P.S. It works like an absolute dream. It pre-heats in what feels like milliseconds but is more likely just a normal length of time for fully-functioning ovens. And did I mention it’s clean? Spic-and-freaking-span, y’all. Just beautiful.


2. I got new windows! And I didn’t even have to break the old ones first! As part of some complex-wide improvifications, every single apartment in every single building got new windows. Flippin’ sweet, guys. The tentative install date for my building was Monday (or Oven Day as it shall be known henceforth), and we were instructed to move everything away from the windows in order to give the guys room to work. Seeing as my bed is right next to the window, and I assumed they’d start work at Ass o’ Clock, I leaned the frame and box spring up against the bedroom wall and moved the mattress itself into the living room to sleep. This way, I figured if they came barging in at the aforementioned Unholiest of Hours (see: any time before 10:00 am), I wouldn’t have to scramble to get things out of the way.

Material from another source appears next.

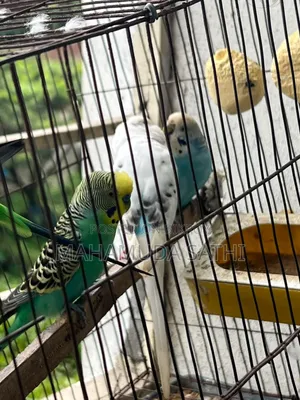 ২জোড়া বাজিগর পাখি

Except they didn’t show up on Monday.

Or Tuesday.

Delayed by rain (and, oh, the fact that there were approximately 34938 windows to install first – my building was last on the agenda), they arrived Wednesday. Meaning, I slept on the mattress on the floor for three nights. Which, for the record, was AWESOME. Something about being directly on the floor, sans box spring, somehow made the bed much more comfy. Also, I had it pushed into the L where the sofa and loveseat meet, making my entire living room one big multi-level bed-like surface. And if that ain’t a dream come true, I don’t know what to tell ya, other than you’re probably not an inherently lazy person who is excited by the prospect of sleeping in a sunken next of every blanket and pillow you own. Also, you’re a weirdo.

When the window bros arrived at last, Bro #1 was quick to thank me for moving my furniture out of way, claiming I’m the only one who did it. Bro #2 was weirded out by the mattress in the living room, asking if I’d had a slumber party the night before. I laughed, thinking he was joking, and told him yes. Then he asked if I had kids or something, and I realized we were no longer on the same page. Get off my back, Window Bro. Just be happy I didn’t make you move that heavy-ass kitchen table. You’re welcome, and don’t judge the Blanket Pit. It’s the goddamn comfiest thing you’ll ever experience in your entire life and that is absolutely not an exaggeration. Now if you’ll excuse me, I’m going to make some cookies, because I HAVE AN OVEN THAT WORKS.